Government set to seek 20 Gigawatt Solar Power in India

The government is ready with tenders for an addition of 20 gigawatt (20,000 mega watt) solar power, with the successful bidder mandated to have production facility to manufacture nearly half the equipment requirement.

The generation capacity is proposed to be added over the next three years and is one of the most ambitious programmes undertaken by the government so far, as it seeks to ramp up renewable energy production in the country from around 70 GW to around 225 GW in four years.
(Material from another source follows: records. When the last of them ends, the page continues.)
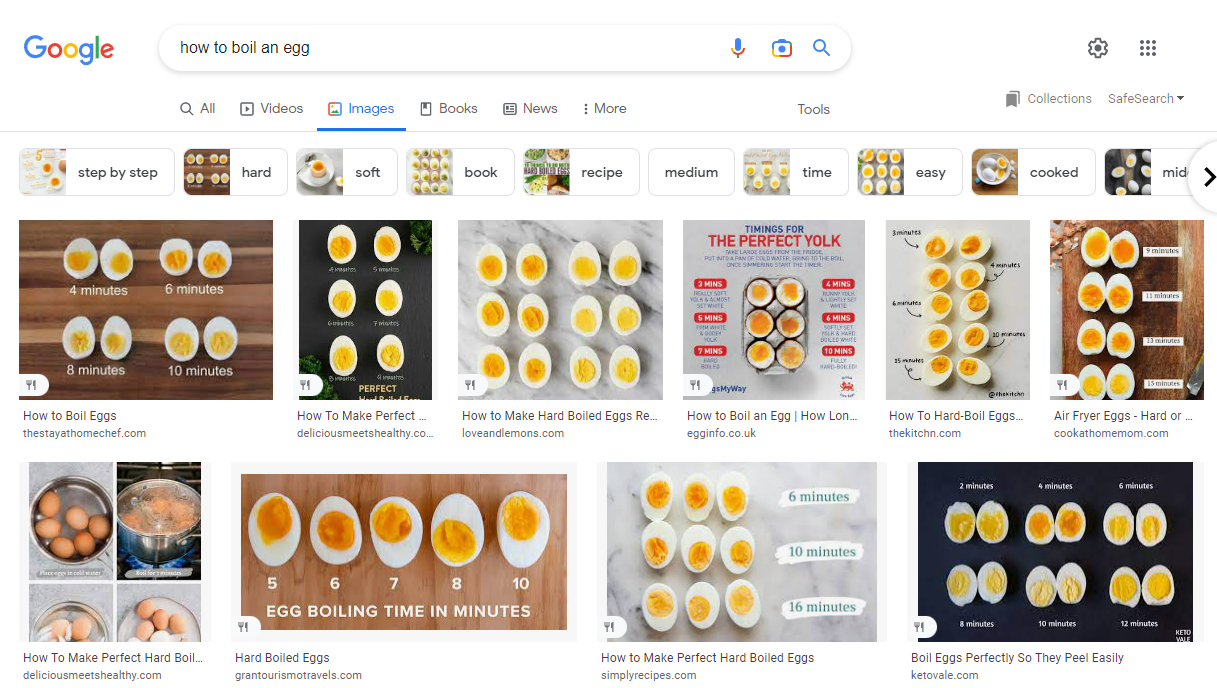 Screenshot from search for [how to boil an egg], Google, November 2022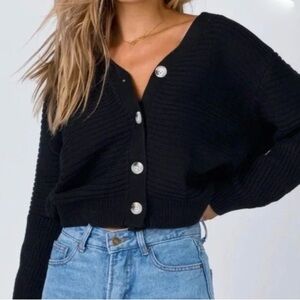 Princess Polly Black Button-Up Cardigan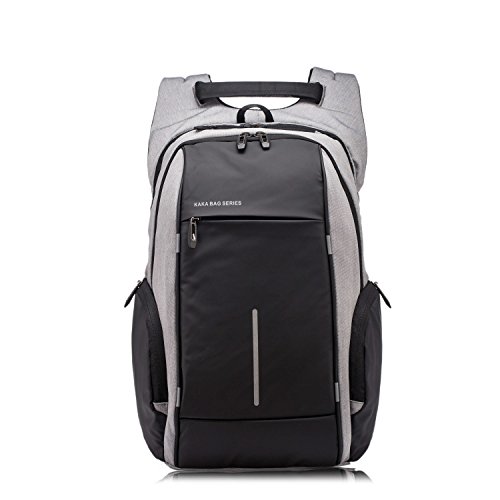 Mochila para Portátil 15.6 pulgadas impermeable Gran capacidad escolar mochila unisex Mochila de estudiante para hombre y mujer-Gris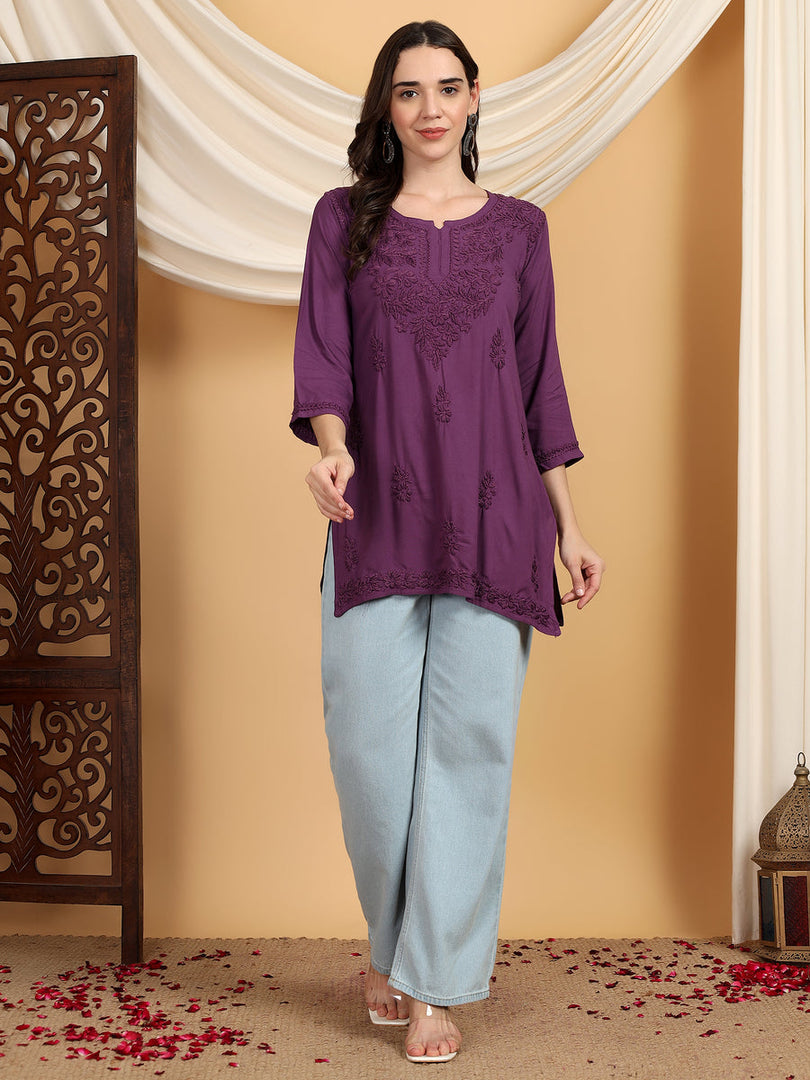 Kashti Rayon Chikankari Short Kurti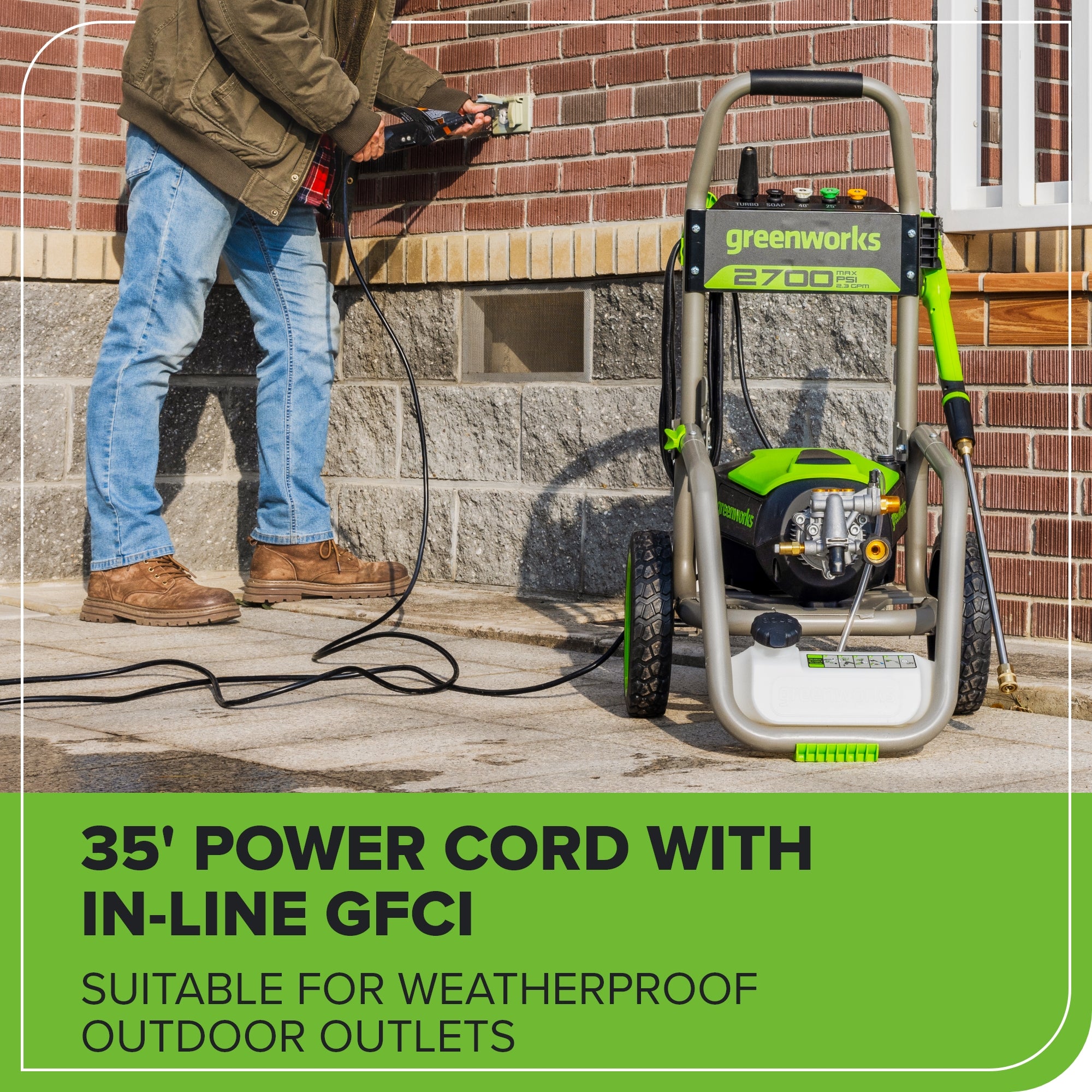 2700 PSI 1.2 GPM Cold Water Electric Pressure Washer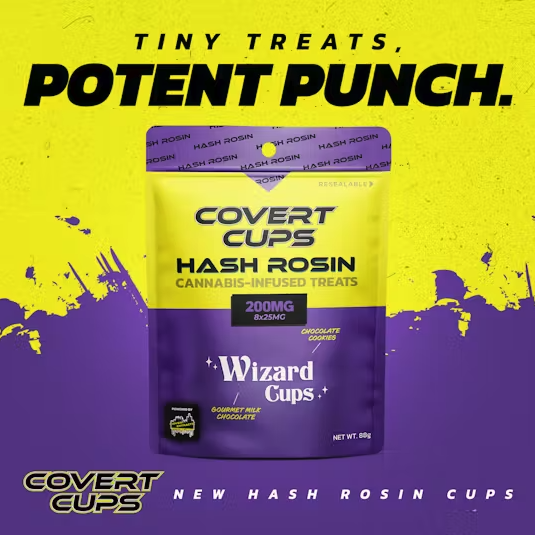 Photograph of product: Covert Cups 200mg au chocolat Rosin Infused Treats - Wizard Cups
The first tender is ready to be issued and addresses concerns related to domestic manufacturing that resulted in India being pulled up at the WTO after the US lodged a complaint at the multilateral agency. As a result, the tweaked plan does not insist on using locally-manufactured panels and modules for the government programme. Instead, companies with manufacturing facility can use the production base for exports to other countries. The idea is to ensure that the entire production chain is set up in the country as part of the thrust to the Make in India initiative.

The local production clause along with the duties on imports, including the recently-imposed safeguard duty to protect local industry, are aimed at creating domestic manufacturing capability in an industry where China is increasingly gaining muscle. The strategy also emanates from the experience in the mobile handset space where India is at best an assembly base for low-end phones with the production chain missing. Large orders are expected to provide the much-needed confidence to global players to invest in a manufacturing base in India.

When asked about the Centre’s latest move, SoftBank founder and chairman Masayoshi Son said, “In the long-term, ‘Make in India’ is supposed to be good. In the short term, it becomes a burden because the Chinese panels are cheaper due to their scale and the manufacturing ecosystem… You need the entire ecosystem, which goes beyond assembly. It has to be much deeper than panel assembly to include R&D, technology, new IP, materials, deep engineering, even glass, which is not normal glass. You need sophisticated engineers and not just assembly technicians.”